The wretched soldiers, faint with famine and fatigue, were sometimes seen to drop down lifeless on the road. Others loitered behind unable to keep up with the march, and fell into the hands of the enemy, who followed in a track of the army like a flock of famished vultures, eager to pounce on the dying and the dead. Others, again, who strayed too far, in their eagerness to procure sustenance, shared the same fate. The number of these, at length, and the consciousness of the cruel lot for which they were reserved, compelled Cortés to introduce stricter discipline, and to enforce it by sterner punishments than he had hitherto done,—though too often ineffectually, such was the indifference to danger, under the overwhelming pressure of present calamity.

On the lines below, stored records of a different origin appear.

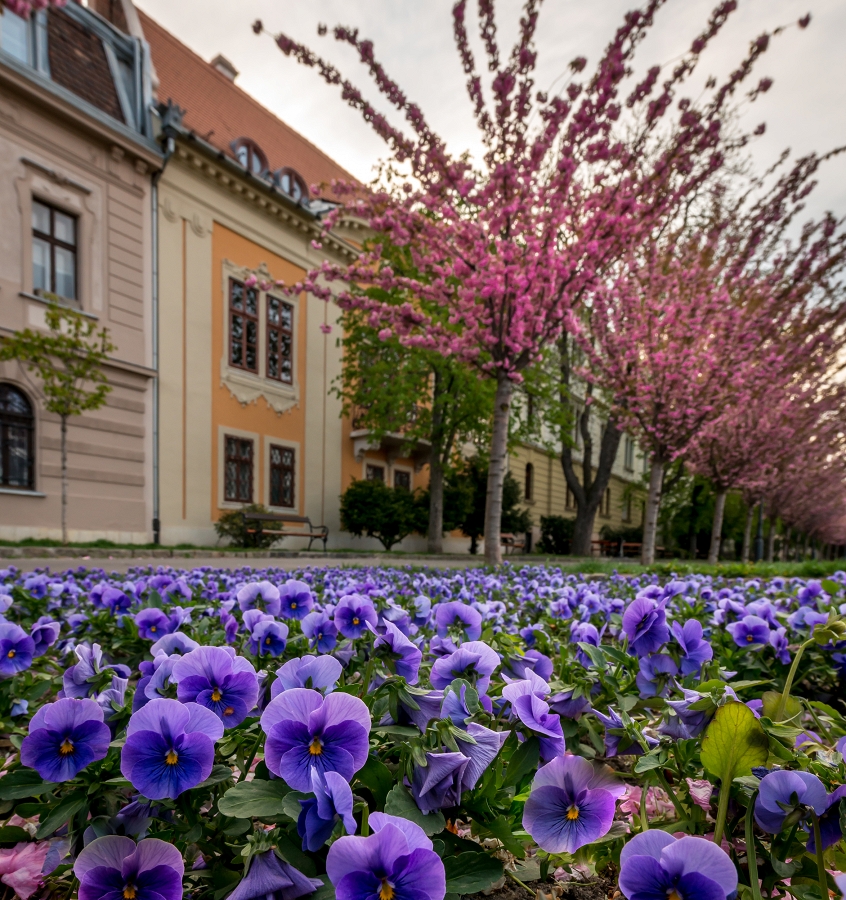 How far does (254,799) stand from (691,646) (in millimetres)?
1009

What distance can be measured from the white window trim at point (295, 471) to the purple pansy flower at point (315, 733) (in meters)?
17.5

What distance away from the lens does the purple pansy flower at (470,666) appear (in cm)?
108

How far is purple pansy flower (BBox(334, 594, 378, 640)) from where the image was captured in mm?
1485

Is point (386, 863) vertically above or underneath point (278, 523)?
above

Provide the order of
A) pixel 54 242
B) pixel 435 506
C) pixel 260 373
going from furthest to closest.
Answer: pixel 435 506, pixel 260 373, pixel 54 242

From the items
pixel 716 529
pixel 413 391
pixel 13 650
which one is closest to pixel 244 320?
pixel 413 391

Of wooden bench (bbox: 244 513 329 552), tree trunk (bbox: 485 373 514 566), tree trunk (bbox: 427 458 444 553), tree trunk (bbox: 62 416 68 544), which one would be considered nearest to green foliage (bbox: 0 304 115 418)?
tree trunk (bbox: 62 416 68 544)

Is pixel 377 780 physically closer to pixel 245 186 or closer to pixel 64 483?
pixel 64 483

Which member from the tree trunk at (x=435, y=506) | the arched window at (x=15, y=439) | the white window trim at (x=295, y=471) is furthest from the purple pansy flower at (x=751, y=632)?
the white window trim at (x=295, y=471)

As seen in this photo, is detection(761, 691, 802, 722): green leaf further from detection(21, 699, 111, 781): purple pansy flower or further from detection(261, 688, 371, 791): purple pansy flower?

In their prolonged distresses, the soldiers ceased to set a value on those very things for which they had once been content to hazard life itself. More than one, who had brought his golden treasure safe through the perils of the noche triste, now abandoned it as an intolerable burden; and the rude Indian peasant gleaned up, with wondering delight, the bright fragments of the spoils of the capital.1

Through these weary days Cortés displayed his usual serenity and fortitude. He was ever in the post of danger, freely exposing himself in encounters with the enemy; in one of which he received a severe wound in the head, that afterwards gave him much trouble.2 He fared no better than the humblest soldier, and strove, by his own cheerful countenance and counsels, to fortify the courage of those who faltered, assuring them that their sufferings would soon be ended by their arrival in the hospitable "land of bread." 3 His faithful officers co-operated with him in these efforts; and the common file, indeed, especially his own veterans, must be allowed, for the most part, to have shown a full measure of the constancy and power of endurance so characteristic of their nation,—justifying the honest boast of an old chronicler, "that there was no people so capable of supporting hunger as the Spaniards, and none of them who were ever more severely tried than the soldiers of Cortés." A similar fortitude was shown by the Tlascalans, trained in a rough school that made them familiar with hardships and privations.

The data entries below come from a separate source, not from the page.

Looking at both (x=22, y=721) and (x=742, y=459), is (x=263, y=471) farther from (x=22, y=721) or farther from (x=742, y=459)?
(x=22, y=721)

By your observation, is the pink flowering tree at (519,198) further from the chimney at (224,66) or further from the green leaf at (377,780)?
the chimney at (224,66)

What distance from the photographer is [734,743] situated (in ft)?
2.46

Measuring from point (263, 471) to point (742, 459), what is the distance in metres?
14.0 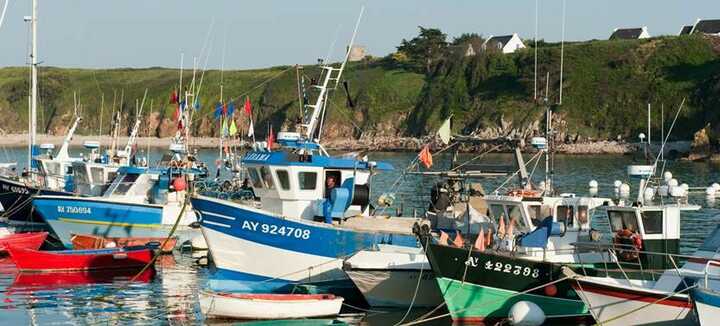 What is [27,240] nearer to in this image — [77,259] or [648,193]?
[77,259]

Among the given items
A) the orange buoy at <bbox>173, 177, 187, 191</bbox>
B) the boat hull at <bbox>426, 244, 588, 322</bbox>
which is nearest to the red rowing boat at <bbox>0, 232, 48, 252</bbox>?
the orange buoy at <bbox>173, 177, 187, 191</bbox>

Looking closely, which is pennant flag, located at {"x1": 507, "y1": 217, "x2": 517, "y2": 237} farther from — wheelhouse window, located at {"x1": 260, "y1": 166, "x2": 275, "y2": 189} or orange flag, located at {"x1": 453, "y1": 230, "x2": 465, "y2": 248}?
wheelhouse window, located at {"x1": 260, "y1": 166, "x2": 275, "y2": 189}

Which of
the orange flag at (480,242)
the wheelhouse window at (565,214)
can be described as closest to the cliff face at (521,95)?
the wheelhouse window at (565,214)

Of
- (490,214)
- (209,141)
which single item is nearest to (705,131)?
(209,141)

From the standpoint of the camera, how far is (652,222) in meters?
27.1

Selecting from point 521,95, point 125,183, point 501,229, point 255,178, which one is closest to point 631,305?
point 501,229

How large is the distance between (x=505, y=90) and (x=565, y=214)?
119 m

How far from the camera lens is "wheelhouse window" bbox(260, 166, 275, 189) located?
31.1 m

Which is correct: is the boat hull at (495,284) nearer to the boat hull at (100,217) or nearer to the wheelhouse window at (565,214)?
the wheelhouse window at (565,214)

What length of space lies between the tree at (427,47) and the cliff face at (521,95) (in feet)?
6.70

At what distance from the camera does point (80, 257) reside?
3509 cm

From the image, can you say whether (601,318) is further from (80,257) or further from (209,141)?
(209,141)

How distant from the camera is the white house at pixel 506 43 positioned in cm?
16188

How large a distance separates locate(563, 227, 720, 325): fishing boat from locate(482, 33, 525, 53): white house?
449 ft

Although they sometimes threw themselves on the ground, in the extremity of famine, imploring their gods not to abandon them, they did their duty as warriors; and, far from manifesting coldness towards the Spaniards as the cause of their distresses, seemed only the more firmly knit to them by the sense of a common suffering.

On the seventh morning, the army had reached the mountain rampart which overlooks the plains of Otompan, or Otumba, as commonly called, from the Indian city,—now a village,—situated in them. The distance from the capital is hardly nine leagues. But the Spaniards had travelled more than thrice that distance, in their circuitous march round the lakes. This had been performed so slowly, that it consumed a week; two nights of which had been passed in the same quarters, from the absolute necessity of rest. It was not, therefore, till July 7 that they reached the heights commanding the plains which stretched far away towards the territory of Tlascala, in full view of the venerable pyramids of Teotihuacan, two of the most remarkable monuments of the antique American civilisation now existing north of the Isthmus. During all the preceding day, they had seen parties of the enemy hovering like dark clouds above the highlands, brandishing their weapons, and calling out in vindictive tones, "Hasten on! You will soon find yourselves where you cannot escape!" words of mysterious import, which they were made fully to comprehend on the following morning.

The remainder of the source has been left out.